* Records provided:
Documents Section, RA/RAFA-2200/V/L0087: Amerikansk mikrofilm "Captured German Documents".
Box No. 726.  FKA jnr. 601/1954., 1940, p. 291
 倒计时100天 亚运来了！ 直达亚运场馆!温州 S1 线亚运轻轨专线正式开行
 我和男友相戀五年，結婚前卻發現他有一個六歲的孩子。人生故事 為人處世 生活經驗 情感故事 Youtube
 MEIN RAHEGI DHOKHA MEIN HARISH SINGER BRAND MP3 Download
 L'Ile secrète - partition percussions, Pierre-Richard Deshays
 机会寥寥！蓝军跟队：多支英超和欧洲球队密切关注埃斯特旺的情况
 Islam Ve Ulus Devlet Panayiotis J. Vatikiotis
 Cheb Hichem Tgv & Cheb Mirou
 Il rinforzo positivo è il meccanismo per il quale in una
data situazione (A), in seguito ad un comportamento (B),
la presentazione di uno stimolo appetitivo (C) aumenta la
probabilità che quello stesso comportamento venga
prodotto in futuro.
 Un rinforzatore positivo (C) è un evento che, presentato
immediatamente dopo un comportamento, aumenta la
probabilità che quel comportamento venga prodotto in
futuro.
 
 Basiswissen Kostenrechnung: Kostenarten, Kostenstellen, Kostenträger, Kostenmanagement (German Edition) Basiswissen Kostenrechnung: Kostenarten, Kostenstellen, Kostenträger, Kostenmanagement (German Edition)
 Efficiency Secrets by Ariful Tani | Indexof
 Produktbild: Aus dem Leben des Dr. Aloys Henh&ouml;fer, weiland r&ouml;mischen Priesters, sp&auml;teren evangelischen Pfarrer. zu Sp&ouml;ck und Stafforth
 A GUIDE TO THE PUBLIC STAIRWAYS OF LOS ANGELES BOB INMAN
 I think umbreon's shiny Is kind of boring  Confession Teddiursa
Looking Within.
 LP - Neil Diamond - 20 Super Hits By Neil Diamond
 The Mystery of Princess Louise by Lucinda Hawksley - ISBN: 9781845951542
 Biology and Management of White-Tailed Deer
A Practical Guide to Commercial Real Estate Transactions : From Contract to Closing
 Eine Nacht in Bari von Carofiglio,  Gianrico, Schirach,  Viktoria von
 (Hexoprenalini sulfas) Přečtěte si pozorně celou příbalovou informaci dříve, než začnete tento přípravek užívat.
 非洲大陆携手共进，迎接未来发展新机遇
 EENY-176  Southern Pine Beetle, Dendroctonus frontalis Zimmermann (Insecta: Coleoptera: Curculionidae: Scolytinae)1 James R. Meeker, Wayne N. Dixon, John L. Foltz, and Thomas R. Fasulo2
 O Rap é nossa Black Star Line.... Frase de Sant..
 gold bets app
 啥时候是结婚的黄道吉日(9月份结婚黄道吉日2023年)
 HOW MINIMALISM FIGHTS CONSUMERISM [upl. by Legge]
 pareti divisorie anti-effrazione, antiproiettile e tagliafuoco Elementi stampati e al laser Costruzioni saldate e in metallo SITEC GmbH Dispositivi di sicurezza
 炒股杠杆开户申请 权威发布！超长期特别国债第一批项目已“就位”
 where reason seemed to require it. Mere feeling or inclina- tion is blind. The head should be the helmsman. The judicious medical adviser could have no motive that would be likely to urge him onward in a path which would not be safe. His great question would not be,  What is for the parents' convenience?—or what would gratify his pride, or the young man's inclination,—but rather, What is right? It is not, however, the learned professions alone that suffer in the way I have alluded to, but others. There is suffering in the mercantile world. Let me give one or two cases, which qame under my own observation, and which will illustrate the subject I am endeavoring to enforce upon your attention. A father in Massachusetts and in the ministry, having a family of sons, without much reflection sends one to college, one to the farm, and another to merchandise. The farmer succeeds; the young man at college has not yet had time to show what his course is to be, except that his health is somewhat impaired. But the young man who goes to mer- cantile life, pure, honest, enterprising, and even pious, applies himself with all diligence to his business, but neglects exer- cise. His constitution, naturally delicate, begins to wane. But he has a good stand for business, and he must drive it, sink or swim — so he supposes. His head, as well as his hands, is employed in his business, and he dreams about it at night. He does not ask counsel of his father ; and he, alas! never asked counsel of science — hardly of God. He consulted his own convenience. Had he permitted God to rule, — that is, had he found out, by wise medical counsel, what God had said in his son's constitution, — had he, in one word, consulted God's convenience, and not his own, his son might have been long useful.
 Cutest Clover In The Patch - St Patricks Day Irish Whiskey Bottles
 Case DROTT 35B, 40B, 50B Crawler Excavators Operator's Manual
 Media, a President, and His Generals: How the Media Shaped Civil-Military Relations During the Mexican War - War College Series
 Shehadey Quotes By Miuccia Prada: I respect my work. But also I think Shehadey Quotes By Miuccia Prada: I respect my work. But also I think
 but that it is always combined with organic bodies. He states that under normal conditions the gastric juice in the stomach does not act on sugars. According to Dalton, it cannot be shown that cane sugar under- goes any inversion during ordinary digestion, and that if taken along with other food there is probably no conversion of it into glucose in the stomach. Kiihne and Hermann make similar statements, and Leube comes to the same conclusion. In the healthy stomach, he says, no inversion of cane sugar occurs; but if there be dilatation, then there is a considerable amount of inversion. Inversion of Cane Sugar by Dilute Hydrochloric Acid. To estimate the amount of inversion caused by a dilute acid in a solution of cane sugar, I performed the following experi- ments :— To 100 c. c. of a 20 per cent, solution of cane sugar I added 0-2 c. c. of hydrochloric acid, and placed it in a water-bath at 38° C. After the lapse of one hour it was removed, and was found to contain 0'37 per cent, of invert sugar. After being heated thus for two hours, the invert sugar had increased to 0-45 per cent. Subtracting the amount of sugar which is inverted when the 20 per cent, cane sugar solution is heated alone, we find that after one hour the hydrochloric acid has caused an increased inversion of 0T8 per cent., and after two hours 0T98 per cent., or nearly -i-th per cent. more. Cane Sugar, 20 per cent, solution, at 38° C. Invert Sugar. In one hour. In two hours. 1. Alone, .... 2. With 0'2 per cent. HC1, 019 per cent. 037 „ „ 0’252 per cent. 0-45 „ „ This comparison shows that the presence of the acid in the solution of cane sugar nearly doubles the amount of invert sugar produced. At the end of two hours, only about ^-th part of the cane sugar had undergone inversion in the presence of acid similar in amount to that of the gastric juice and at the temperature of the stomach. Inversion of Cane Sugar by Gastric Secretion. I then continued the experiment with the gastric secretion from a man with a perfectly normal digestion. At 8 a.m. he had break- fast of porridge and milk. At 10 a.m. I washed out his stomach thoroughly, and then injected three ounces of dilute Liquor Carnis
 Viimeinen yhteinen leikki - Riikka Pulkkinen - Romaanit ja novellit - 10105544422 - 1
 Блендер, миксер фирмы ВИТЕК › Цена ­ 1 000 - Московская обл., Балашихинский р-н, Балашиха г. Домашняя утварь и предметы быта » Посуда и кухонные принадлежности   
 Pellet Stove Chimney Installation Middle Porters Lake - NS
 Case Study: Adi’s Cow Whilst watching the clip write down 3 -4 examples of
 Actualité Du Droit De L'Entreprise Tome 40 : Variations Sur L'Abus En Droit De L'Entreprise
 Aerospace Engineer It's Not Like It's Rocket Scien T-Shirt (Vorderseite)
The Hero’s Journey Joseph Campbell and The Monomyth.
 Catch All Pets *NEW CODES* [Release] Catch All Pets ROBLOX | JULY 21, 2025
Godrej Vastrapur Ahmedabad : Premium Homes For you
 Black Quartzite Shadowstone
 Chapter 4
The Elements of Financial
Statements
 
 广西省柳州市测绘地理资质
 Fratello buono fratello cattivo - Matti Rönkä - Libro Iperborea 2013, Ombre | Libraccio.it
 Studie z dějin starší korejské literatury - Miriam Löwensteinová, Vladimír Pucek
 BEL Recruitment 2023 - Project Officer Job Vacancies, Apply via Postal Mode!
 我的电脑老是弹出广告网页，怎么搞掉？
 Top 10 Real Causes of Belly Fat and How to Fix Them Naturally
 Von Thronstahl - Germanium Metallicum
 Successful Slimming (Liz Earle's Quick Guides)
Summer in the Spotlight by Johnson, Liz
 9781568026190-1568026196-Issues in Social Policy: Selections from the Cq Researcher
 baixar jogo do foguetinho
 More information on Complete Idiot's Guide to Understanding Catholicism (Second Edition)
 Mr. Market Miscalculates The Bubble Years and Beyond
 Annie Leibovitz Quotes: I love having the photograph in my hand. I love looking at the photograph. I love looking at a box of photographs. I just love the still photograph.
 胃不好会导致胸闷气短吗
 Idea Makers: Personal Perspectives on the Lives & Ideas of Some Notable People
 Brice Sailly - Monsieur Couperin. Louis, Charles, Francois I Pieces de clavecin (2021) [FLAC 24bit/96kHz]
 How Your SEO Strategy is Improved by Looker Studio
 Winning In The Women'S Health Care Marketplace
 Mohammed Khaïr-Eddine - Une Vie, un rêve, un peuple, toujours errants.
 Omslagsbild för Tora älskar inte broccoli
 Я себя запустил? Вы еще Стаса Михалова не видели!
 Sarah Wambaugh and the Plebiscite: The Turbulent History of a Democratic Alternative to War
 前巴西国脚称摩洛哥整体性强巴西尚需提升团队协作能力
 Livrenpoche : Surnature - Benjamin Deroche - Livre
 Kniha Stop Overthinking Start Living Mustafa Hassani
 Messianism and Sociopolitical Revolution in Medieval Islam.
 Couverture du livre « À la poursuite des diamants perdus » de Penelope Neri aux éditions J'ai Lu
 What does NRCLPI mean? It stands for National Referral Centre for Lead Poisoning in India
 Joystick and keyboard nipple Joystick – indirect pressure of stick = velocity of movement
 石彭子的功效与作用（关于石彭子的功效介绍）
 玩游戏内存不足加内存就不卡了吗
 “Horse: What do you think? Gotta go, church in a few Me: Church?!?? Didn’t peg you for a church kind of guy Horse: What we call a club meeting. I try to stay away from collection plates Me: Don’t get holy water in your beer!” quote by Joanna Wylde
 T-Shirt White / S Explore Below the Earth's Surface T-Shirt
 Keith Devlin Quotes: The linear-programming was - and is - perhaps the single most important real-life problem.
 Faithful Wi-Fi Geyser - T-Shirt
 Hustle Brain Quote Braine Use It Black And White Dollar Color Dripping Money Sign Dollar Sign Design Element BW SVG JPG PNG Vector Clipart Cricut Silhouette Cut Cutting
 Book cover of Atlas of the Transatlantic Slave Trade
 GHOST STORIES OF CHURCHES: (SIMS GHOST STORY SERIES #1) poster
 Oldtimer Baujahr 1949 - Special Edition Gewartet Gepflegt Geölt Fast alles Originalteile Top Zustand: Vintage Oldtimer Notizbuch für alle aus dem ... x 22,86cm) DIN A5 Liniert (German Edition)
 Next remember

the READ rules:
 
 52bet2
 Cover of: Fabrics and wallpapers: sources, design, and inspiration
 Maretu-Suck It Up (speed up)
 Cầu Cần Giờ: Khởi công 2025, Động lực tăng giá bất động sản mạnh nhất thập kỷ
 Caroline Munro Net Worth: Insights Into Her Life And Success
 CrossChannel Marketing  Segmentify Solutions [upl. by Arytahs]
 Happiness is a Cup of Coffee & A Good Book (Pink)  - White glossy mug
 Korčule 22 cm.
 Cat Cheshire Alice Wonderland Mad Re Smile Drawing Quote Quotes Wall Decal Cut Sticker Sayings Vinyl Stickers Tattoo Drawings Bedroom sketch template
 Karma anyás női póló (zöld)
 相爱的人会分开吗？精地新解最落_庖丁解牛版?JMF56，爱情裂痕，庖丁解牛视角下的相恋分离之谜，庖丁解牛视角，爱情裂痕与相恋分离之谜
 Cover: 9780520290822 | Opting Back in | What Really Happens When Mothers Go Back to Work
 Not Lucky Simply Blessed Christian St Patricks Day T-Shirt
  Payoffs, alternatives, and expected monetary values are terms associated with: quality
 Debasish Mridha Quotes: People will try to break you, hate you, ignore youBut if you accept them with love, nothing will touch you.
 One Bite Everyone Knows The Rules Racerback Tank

* Assigned task: Lines after the one containing "la presentazione di" are not part of the task. Output the entries exactly from their first line through that one.

* Answer to this exercise:
Documents Section, RA/RAFA-2200/V/L0087: Amerikansk mikrofilm "Captured German Documents".
Box No. 726.  FKA jnr. 601/1954., 1940, p. 291
 倒计时100天 亚运来了！ 直达亚运场馆!温州 S1 线亚运轻轨专线正式开行
 我和男友相戀五年，結婚前卻發現他有一個六歲的孩子。人生故事 為人處世 生活經驗 情感故事 Youtube
 MEIN RAHEGI DHOKHA MEIN HARISH SINGER BRAND MP3 Download
 L'Ile secrète - partition percussions, Pierre-Richard Deshays
 机会寥寥！蓝军跟队：多支英超和欧洲球队密切关注埃斯特旺的情况
 Islam Ve Ulus Devlet Panayiotis J. Vatikiotis
 Cheb Hichem Tgv & Cheb Mirou
 Il rinforzo positivo è il meccanismo per il quale in una
data situazione (A), in seguito ad un comportamento (B),
la presentazione di uno stimolo appetitivo (C) aumenta la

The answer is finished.